文章/答案/技术大牛

发布

社区首页 >问答首页 >AKS和终结点中的Deployemnt Time out错误卡在“转换”状态

问AKS和终结点中的Deployemnt Time out错误卡在“转换”状态
EN

Stack Overflow用户

提问于 2021-09-06 07:41:13

回答 1查看 164关注 0票数 1

我们正在使用ML studio和azure Kubernetes服务部署170个ML模型，这在下面的文档链接"https://github.com/MicrosoftDocs/azure-docs/blob/master/articles/machine-learning/how-to-deploy-azure-kubernetes-service.md"“中提到。

我们正在使用python脚本在自定义环境中训练模型，并在Azure ml服务上注册ML模型。一旦我们注册了模式，我们将使用容器镜像将其部署到AKS上。

在部署ML模型时，我们能够为AKS中的每个节点部署最多10到11个模型。

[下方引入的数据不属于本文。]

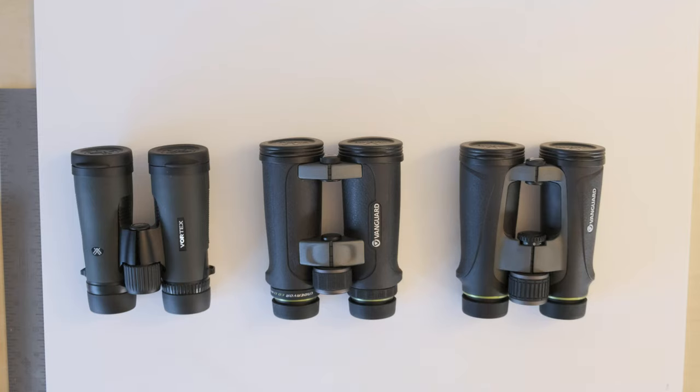Hey guys, welcome to my channel. Today I'm going to be comparing three different pairs of binoculars.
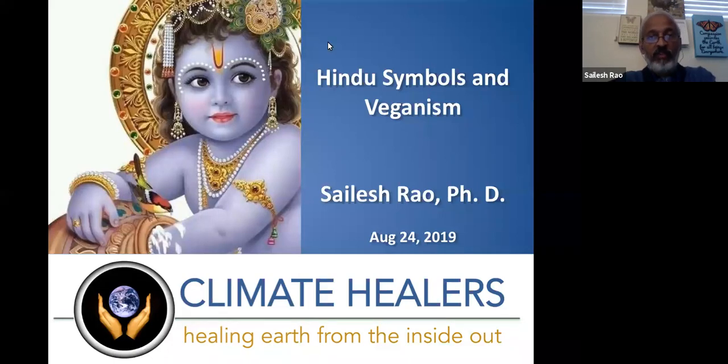Today I'm going to talk about Hindu symbols and veganism, specifically addressing the symbolism that is relevant to veganism. There are multiple interpretations of things, so I'm going to be choosing what I consider to be the most relevant ones.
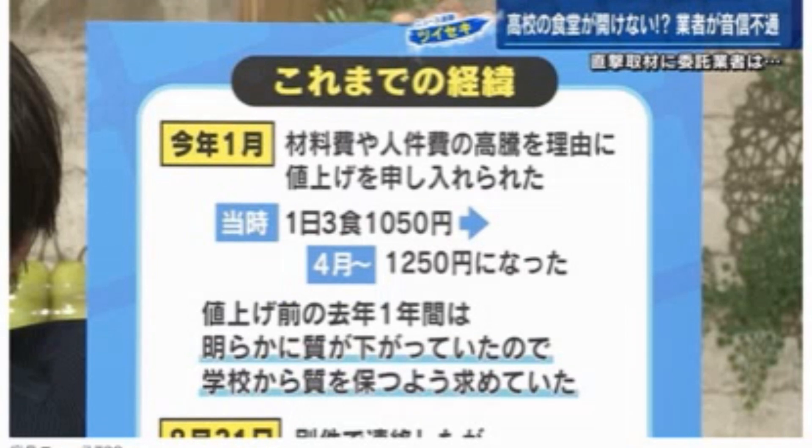いやね、企業の側からするとね、1日あたり1050円しかもらってない、物価はどんどん上がっていく、学校側は簡単に質は落とさないでちょうだいなんて言われたら、その上がった分のコストはどうするんですかということになるんですよ。そんな中で、この4月から1250円に上げたと言うんですけど。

当我们尝试在同一节点上部署模型时，我们会收到部署超时错误，并且会收到以下错误消息。

用于使用python语言在Azure Kubernetes Service中部署模型，示例代码如下。

#  Create an environment and add conda dependencies to it and for this creating our environment and building the custom container image.
     myenv = Environment(name = Deployment_name)
     myenv.python.conda_dependencies = CondaDependencies.create(pip_packages)
    
        
 #  Inference_Conifiguration
     inf_config = InferenceConfig(environment= myenv, entry_script='./Script_file.py')
    
    
 # Deployment_Conifiguration
     deployment_config = AksWebservice.deploy_configuration(cpu_cores = 1, memory_gb = 1, cpu_cores_limit = 2, memory_gb_limit = 2, traffic_percentile = 10)
    
 #  AKS cluster compute target 
     aks_target = ComputeTarget(ws, 'pipeline')
       
    
#  Deploying the model in AKS server
       service = Model.deploy(ws, Deployment_name, model_1, inf_config,
                   deployment_config, aks_target, overwrite=True)
    
        service.wait_for_deployment(show_output=True)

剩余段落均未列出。